Spatenstich für VfL-Clubheim
Ab sofort werden Fakten geschaffen

Ladbergen -

In der Umgebung, überlegten Norbert Plogmeier und HG Averhaus im Nieselregen am Dienstagmorgen, wüssten sie keinen anderen Fußballverein, der wie sie aktuell ohne Vereinsheim dastünde. Aber – und deshalb hatten die beiden Männer dabei auch ein Lächeln im Gesicht –, das Ende dieser unbefriedigenden Ära ist absehbar. Läuft alles nach Plan, finden bereits im ersten Quartal 2020 erste Mannschaftsbesprechungen und Taktikschulungen im neuen Clubraum auf dem Areal der Sportanlage „Zur Königsbrücke“ statt. Die Bauarbeiten haben mit dem ersten Spatenstich am Dienstag begonnen.

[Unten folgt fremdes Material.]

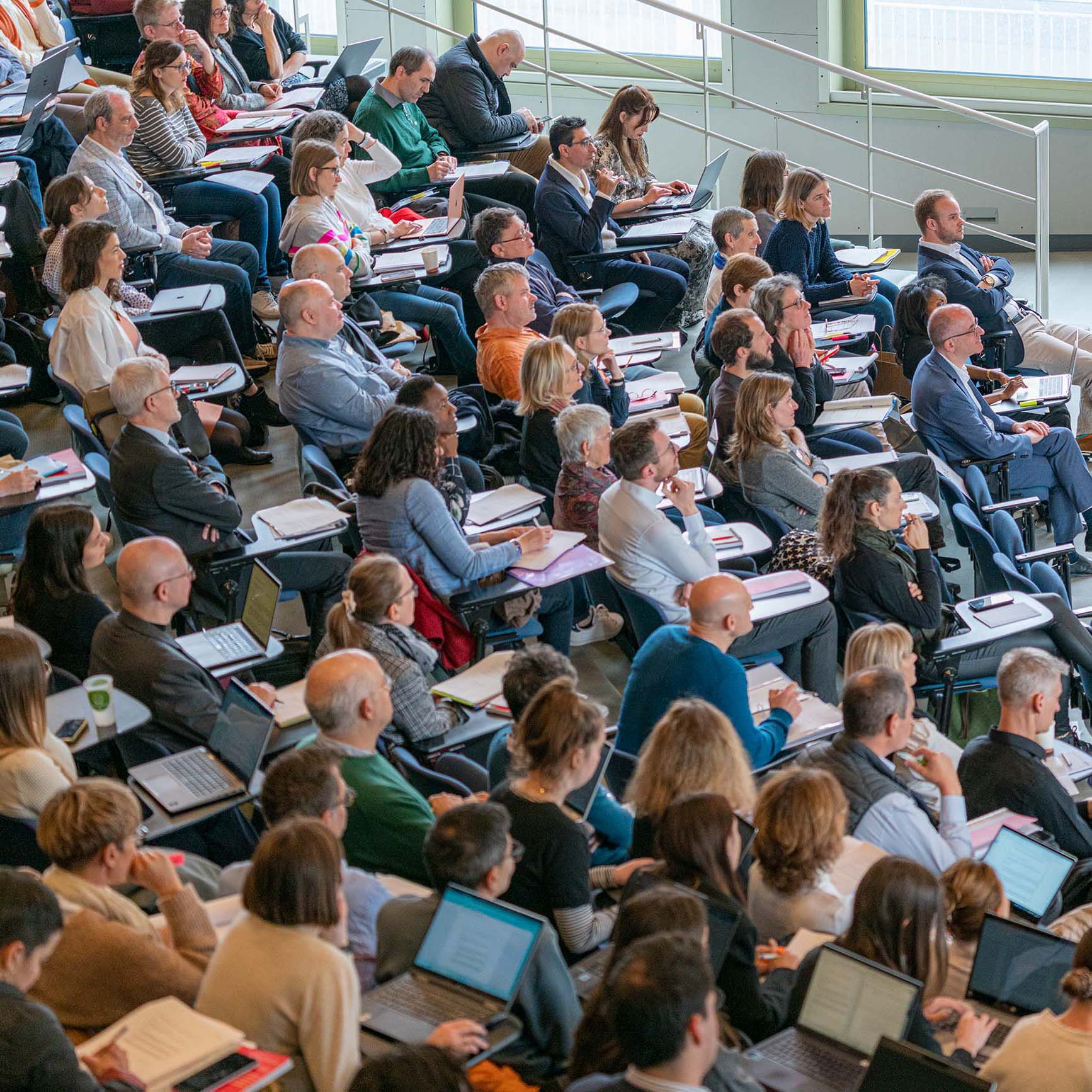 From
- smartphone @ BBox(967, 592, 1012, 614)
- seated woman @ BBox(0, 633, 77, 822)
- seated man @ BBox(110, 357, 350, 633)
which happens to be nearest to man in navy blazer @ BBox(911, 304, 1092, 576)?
smartphone @ BBox(967, 592, 1012, 614)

Mittwoch, 02.10.2019, 20:00 Uhr
Der erste Spatenstich ist erfolgt: Der VfL-Vorstand und Investor HG Averhaus (links) freuen sich mit Bürgermeister Udo Decker-König (3. von rechts), Architekt Claus Schlüter (4. von rechts) und Olaf Rehkopf (2. von links), dass es losgeht.
Der erste Spatenstich ist erfolgt: Der VfL-Vorstand und Investor HG Averhaus (links) freuen sich mit Bürgermeister Udo Decker-König (3. von rechts), Architekt Claus Schlüter (4. von rechts) und Olaf Rehkopf (2. von links), dass es losgeht. Foto: Mareike Stratmann

Rund vier Monate Bauzeit kalkulieren VfL-Vorstand und Investor für den Bau und die Ausstattung des elf mal elf Meter großen Solitärgebäudes ein, das sich in der Verlängerung an die bestehenden Gebäude in Richtung des Kunstrasenplatzes anschließen und über eine Terrasse verfügen wird. Es wird wie die übrigen Bauten als massiver Klinkerbau errichtet, allerdings mit einem Satteldach versehen, so dass die Möglichkeit besteht, dort auf Betreiben der Gemeinde eine Photovoltaik-Anlage zu installieren.

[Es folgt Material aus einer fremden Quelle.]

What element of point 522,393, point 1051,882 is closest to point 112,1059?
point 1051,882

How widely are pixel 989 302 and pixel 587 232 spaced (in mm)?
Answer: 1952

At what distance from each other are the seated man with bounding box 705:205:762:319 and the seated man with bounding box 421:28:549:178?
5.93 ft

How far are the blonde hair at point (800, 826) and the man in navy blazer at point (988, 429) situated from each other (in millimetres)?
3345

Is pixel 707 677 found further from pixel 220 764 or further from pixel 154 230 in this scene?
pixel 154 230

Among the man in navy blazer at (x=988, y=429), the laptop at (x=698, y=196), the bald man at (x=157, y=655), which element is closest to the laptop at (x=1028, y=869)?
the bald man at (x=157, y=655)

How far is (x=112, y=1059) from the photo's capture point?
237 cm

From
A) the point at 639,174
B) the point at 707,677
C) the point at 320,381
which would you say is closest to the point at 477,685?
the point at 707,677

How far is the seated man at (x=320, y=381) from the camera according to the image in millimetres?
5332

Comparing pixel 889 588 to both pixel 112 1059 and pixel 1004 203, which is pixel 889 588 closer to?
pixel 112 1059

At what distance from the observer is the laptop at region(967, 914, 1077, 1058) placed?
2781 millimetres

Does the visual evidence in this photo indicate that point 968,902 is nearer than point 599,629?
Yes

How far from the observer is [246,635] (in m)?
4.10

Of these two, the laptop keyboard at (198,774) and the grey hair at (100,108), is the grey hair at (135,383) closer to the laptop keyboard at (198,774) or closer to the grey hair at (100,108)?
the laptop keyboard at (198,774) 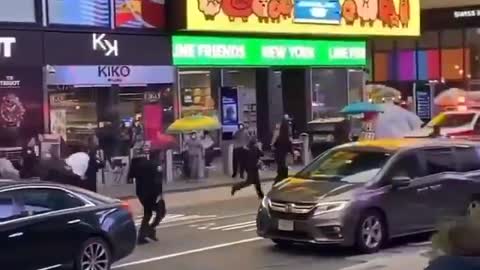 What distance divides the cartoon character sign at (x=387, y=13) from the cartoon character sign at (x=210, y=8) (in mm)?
8291

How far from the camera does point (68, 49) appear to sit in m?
24.8

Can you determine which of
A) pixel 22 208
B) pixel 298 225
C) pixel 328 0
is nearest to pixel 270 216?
pixel 298 225

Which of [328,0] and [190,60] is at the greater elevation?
[328,0]

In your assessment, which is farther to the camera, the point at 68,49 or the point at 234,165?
the point at 234,165

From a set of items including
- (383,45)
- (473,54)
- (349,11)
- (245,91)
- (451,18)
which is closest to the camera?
(245,91)

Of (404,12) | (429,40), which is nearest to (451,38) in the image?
(429,40)

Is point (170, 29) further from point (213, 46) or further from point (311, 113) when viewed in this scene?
point (311, 113)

Nachdem die Fußballer jahrelang nach einen Weg für die Realisierung eines Clubheims gesucht hatten, aber an Finanzierungsmodellen und vor allem der Tatsache, dass sich das zu errichtende Gebäude auf einem Erbpachtgrundstück befindet, dessen Pacht 2048 ausläuft, gescheitert waren, kam der Stein Anfang des Jahres ins Rollen.

Averhaus bot an, das Gebäude, dessen Baukosten er nicht näher beziffert, als Investor zu errichten. Der VfL trägt diese in den kommenden Jahren als Mietschulden ab. Was, wie deren Vorsitzender Norbert Plogmeier bereits bei der Vorstellung des Projekts in den politischen Gremien gesagt hatte, „keineswegs ein Luftschloss, sondern für uns finanzierbar ist. Sonst würden wir es nicht machen.“ Nichtsdestotrotz: Sollte der Verein – aus welchen Gründen auch immer – ausfallen, würde die Gemeinde einspringen. Sie hat eine Bürgschaft von zunächst 180 000 Euro übernommen.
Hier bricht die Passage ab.